Так, в одной из публикаций перестроечного периода после критики «темного языка бюрократов и догматиков, замысловатого и трескучего, составленного из клише и слов-паразитов», констатировалось возвращение русского языка «в лоно нормального использования и развития… Идет творение новой фразеологии, преодолевающей формализм и открывающей возможность прямого, демократического, откровенного обсуждения сложившегося положения, реальных дел и задач: убрать завалы, искать развязки, прибавить в работе, нужны прорывы, усилить поиск, оздоровить общество, воспитывать словом и делом, стратегия ускорения, нестандартно мыслить, ускорение социального и экономического развития, нравственная закалка кадров, человеческий фактор.
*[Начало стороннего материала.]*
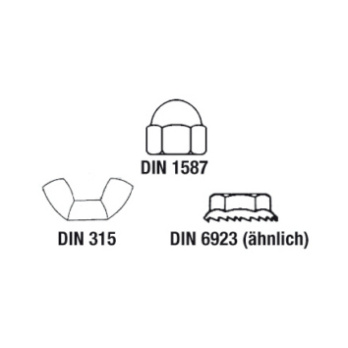 VISO assortment hexagonal nuts, combined, similar to DIN 1587/315/6923 - VISO combined nut assortment, similar to DIN 1587/315/6923, cap nut, wing nut and serrated locking nut, galvanised steel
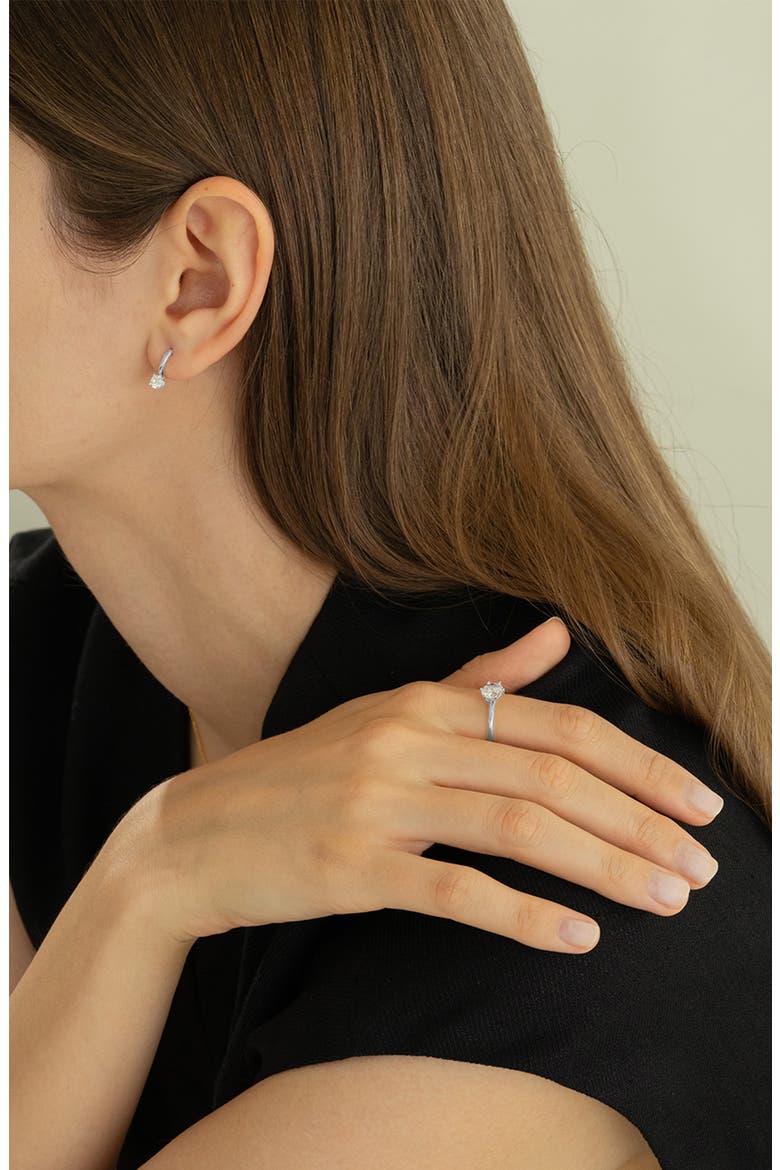 Sterling Silver 18k Gold Plated Anastasia Huggies Delicate Minimal, Alternate, color, Silver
Все эти простые и честные, прямые выражения пробуждают творческое мышление, превращают самостоятельную индивидуальность в жизненную потребность людей… Даже неказистые сложения… (самоуправление, самофинансирование, самоокупаемость, ресурсосберегающий, трудосберегающий, высокотехнологичный, наукоемкий, природоохранный) несут в себе заряд правды, момент истины, то есть то, что легло в основу перестройки» [Костомаров 1987: 3–5, 7]. Однако по истечении совсем непродолжительного времени стало ясно, что реальные плоды нового мышления, творчески примененного прорабами перестройки с приоритетным учетом общечеловеческих ценностей, оказались все-таки несколько иными, чем (может быть) предполагалось «не прогибавшимися под изменчивый мир». Впоследствии лексикографы оценили подобные «весьма посредственные штампы» как «негативный материал», который можно использовать при работе над Новым академическим словарем русского языка [Корованенко 1995: 42].
Следовательно, по-видимому, причина обаяния таких магически-манипулятивных словесных блоков заключается далеко не только в уровне образования или в характере профессиональной деятельности адресата.